Rupanya, yang kemarin memang betulan tidak bisa dihitung cuti. Alias, Runa harus potong gaji sehari. Yah, harga yang jauh, jauh lebih murah kalau dibandingkan keselamatan diri, tapi Runa marah besar.
Bahkan, ia menolak sarapan yang kubuat. Padahal, hari ini aku membuat nasi uduk dengan potongan daun jeruk, dilengkapi sambal roa dan telur dadar. Kesukaan Runa. Alih-alih menerima, gadis berambut pendek itu membentakku.
“Gue bodo amat sama mimpi lo yang konyol itu, tapi ngapain bawa-bawa adik gue segala sih?”
Mungkin nanti aku harus membelikan adik Runa sesuatu untuk tanda terima kasih. Menahan perempuan keras kepala dan mudah emosi bukan hal mudah. “Karena aku tahu betapa bebalnya dirimu, Runa.”
“Takdir itu di tangan Tuhan. Kalau gue mati, ya mati aja!”
Bukan, Runa bukan orang yang pesimis dengan hidupnya. Namun, ucapan begitu membuat jantungku terasa bagai diremas. Apa seharusnya aku membiarkan Runa berangkat saja kemarin? Biar dia merasakan sendiri kecelakaannya. Tahu kalau aku tidak main-main saat berkata mimpiku selalu benar. Namun, mana tega?
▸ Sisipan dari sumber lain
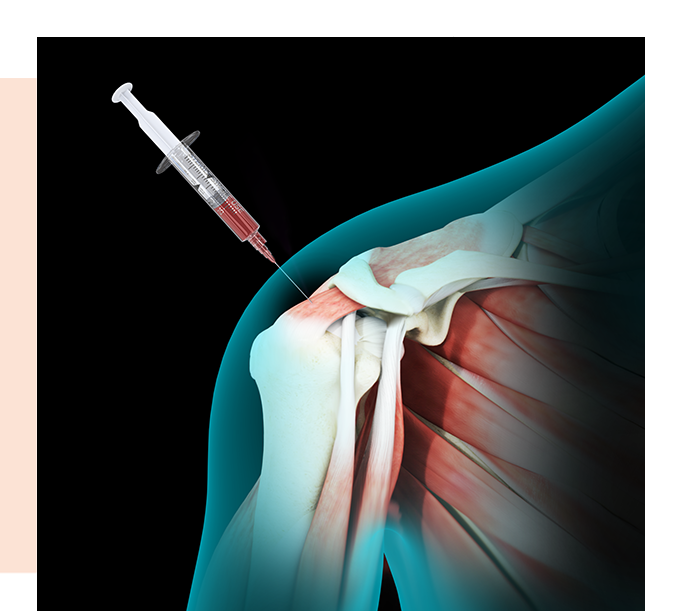 Bone Marrow Aspirate Concentrate Images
Kutarik napas perlahan. “Aku lihat sendiri kejadiannya, Runa. Persis di tempat yang biasa kamu lalui. It could be you.”
“Dan kenapa gue harus percaya?” sentak Runa.
Sumpah, aku sakit hati, tapi aku tidak bisa marah. Aku sadar kalau firasat mimpi sulit dibuktikan ke orang lain. Untukku saja, butuh waktu beberapa tahun di masa kecil sebelum akhirnya yakin memang mimpiku yang menempel di otak merupakan gambaran masa depan. Apalagi Runa, warga Kota Nirkhayal yang kelewat mendewakan akal?
Aku tidak bisa membalas Runa. Aku hanya bisa menangis. “Potongan gaji sehari itu kecil banget kalau dibanding risiko kehilangan nyawa, Runa ….”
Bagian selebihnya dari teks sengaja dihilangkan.